Ok... report them that is very Illegal


----------



## MesseNoire (Dec 3, 2011)

It is illegal everywhere but tassie.
Report them


----------



## AtomicFerret (Dec 3, 2011)

I know but I'm wondering if blotched blue tounges are even legal here in the first place? I always thought you could only find them in TAS

Ok didn't see that wondering how they got it then?


----------



## ajandj (Dec 4, 2011)

yer blotched are found in victoria and up thru the blue mountains in NSW as well as Tassie.
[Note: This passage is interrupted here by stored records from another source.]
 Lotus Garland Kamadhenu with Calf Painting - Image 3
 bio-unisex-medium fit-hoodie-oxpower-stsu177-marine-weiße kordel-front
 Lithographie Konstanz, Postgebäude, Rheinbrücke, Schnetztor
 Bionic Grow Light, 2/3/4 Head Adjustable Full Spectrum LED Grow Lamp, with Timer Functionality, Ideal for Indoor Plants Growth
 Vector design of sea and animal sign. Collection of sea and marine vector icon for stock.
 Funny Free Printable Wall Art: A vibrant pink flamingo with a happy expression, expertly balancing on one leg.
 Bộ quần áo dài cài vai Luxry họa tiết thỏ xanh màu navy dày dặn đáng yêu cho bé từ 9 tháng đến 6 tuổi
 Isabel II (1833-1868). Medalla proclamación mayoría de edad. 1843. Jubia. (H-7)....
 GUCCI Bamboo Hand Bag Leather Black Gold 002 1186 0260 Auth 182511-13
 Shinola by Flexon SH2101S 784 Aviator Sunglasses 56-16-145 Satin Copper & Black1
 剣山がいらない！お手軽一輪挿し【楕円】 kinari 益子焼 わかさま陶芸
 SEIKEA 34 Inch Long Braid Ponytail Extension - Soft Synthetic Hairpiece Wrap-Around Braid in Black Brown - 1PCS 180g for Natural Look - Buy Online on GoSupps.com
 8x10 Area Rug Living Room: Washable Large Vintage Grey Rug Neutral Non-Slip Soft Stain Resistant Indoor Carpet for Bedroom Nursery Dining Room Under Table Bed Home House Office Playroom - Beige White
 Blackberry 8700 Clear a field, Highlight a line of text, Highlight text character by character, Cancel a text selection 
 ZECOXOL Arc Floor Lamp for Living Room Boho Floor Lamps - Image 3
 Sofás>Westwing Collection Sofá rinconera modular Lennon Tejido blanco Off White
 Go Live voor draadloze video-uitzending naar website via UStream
I would definately report them, us law abiding citz are doing the right thing. It only takes a few to reck it for all of us. For a single offence in Victoria it's up to 6 months Jail..
Report them.. you can do it anon..in vic you report to DSE not sure about other states. I guess whereever you apply for a wildlife permit


----------



## Tassie97 (Dec 4, 2011)

Tasmania you can and kinda have to capture from the wild to abide by the licence. the licence is free and it has pretty much all the Tasmanian natives so Tiger snakes Copperheads etc are on the same licence as a garden skink! GREAT IDEA AYE! -.-


----------



## ajandj (Dec 4, 2011)

oh really..

We have 3 licence types in victoria. Basic, Advanced and Specimen

I know that blotched and easterns "in Victoria" do not need a licence. BUt having said that, when l bought my eastern, l had to show my drivers licence, they took a record of it, and those forms do go back to DSE sothat if you ever get a knock at the door, you can prove where you obtained the wildlife from.


----------



## JAS101 (Dec 4, 2011)

ajandj said:


> oh really..
> 
> We have 3 licence types in victoria. Basic, Advanced and Specimen
> 
> I know that blotched and easterns "in Victoria" do not need a licence. BUt having said that, when l bought my eastern, l had to show my drivers licence, they took a record of it, and those forms do go back to DSE sothat if you ever get a knock at the door, you can prove where you obtained the wildlife from.


im pretty sure theres a dealers licence too


----------



## ajandj (Dec 4, 2011)

ooops yep i guess there would be . i was only looking at it from a pet loves view


----------